One year ago today, President Trump stepped into the White House Rose Garden and declared April 2, 2025, “Liberation Day.” He unveiled reciprocal tariffs — a 10% baseline on most imports and far higher rates on China — to shrink trade deficits and force manufacturing home.
Stocks dropped hard at first, yet the S&P 500 rose 16% over the next 12 months. Many companies shook off the scare and beat the market. One left everyone else behind: AXT (NASDAQ:AXTI). Its shares delivered a 3,353.60% return in the same period.
Let’s see why this little-known maker of compound semiconductor wafers turned tariff noise into the year’s biggest winner.
Liberation Day Delivered a Short-Term Punch
AXT’s factories sit mainly in China, so the new tariffs and tightened export controls hit immediately. The company faced delays securing permits for indium phosphide shipments. Full-year 2025 revenue fell to $88.326 million, down 11.1% from $99.361 million in 2024. Gross margin narrowed to 12.7% from 24.0%. The stock wobbled early as investors worried about supply-chain snags.
That said, the broader market proved resilient. The S&P 500’s gain showed tariffs did not derail growth the way many feared. While the market would tumble hard on every presidential tariff pronouncement, soon stocks began to shrug them off.
Smart investors, though, who looked past the headlines spotted something bigger at AXT: a direct tie to the AI build-out.
AI Infrastructure Fueled the Real Surge
AXT produces indium phosphide (InP) wafers used in high-speed optical transceivers that move data inside AI data centers. Demand exploded. In the fourth quarter of 2025 alone, InP revenue reached $8 million — mostly from data-center applications — while the company’s InP backlog topped $60 million.
Management expects sequential revenue growth in Q1, driven by InP. The company plans to double InP manufacturing capacity by the end of 2026, repurposing existing gallium arsenide lines at low cost. That positions AXT to capture more of the AI photonics wave without massive new capital outlays. In short, tariffs created temporary friction, but AI orders provided the thrust.
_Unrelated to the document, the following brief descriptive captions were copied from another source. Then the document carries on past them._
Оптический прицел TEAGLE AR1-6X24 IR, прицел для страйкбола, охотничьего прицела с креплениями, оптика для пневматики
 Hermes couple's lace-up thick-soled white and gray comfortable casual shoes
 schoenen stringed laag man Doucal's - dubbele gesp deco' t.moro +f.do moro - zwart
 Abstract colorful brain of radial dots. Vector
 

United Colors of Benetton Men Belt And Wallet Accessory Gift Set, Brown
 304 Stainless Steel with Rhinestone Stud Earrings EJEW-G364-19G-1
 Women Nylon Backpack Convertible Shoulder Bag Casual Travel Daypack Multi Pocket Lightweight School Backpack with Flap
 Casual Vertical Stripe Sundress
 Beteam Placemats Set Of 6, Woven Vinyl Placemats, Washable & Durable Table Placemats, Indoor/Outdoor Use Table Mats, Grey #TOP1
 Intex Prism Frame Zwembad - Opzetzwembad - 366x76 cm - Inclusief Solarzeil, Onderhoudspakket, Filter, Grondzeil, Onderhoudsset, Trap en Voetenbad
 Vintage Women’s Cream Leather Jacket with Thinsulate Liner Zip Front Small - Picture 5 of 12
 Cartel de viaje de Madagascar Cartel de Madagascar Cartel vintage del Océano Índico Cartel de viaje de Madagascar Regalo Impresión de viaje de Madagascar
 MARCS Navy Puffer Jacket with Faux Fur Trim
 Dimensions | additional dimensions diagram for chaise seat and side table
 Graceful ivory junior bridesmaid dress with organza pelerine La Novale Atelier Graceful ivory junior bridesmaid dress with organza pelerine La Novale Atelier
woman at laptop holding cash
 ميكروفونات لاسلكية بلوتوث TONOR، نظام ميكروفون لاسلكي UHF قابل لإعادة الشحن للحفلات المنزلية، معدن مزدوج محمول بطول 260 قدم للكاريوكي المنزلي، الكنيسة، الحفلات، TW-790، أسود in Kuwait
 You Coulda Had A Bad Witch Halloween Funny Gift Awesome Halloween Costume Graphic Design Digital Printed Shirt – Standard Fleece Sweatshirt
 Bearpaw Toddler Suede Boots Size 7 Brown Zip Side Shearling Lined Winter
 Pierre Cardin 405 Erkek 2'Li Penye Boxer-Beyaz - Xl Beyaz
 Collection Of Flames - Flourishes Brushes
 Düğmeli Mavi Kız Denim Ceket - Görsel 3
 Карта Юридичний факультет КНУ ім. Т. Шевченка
How AXTI Stacks Up Against Peers
No other stock in its space came close. Here’s the side-by-side picture of one-year returns for AXT and its industry peers:
- AXT: +3,353.60%
- Advanced Energy Industries (NASDAQ:AEIS): +244.29%
- Amkor Technology (NASDAQ:AMKR): +150.67%
- Onto Innovation (NYSE:ONTO): +71.83%
- S&P 500: +16.08%
AXT trades at a price-to-sales ratio of 32.19 with a market cap of $2.94 billion and 55.57 million shares outstanding. It carries a trailing P/E of roughly -110 because 2025 produced a net loss of $0.49 per share. That reflects investment mode — capacity expansion and R&D — not weakness. Peers with steadier profits look cheaper on paper, but none matched AXT’s InP exposure to hyperscale AI spending.
Key Takeaway
AXT turned Liberation Day’s uncertainty into the clearest AI infrastructure winner of the past year. The numbers tell the story: a 3,353.6% gain powered by InP demand that more than offset tariff-related permit delays. That said, risks remain plain. Revenue still fell 11.1% in 2025, the valuation sits far above historical norms, and ongoing export approvals will matter.
For retail investors who believe AI data-center spending stays hot, AXT offers high-upside exposure to a narrow but critical supply-chain link. Watch the Q1 results expected for later this month for confirmation that sequential growth has begun.
It’s not likely AXT will duplicate its performance by April 2, 2027, but the AI data center build out remains strong. While that suggests there is more upside potential, it also warrants not being overly aggressive yet. Instead, wait for the pullback sure to come before diving in.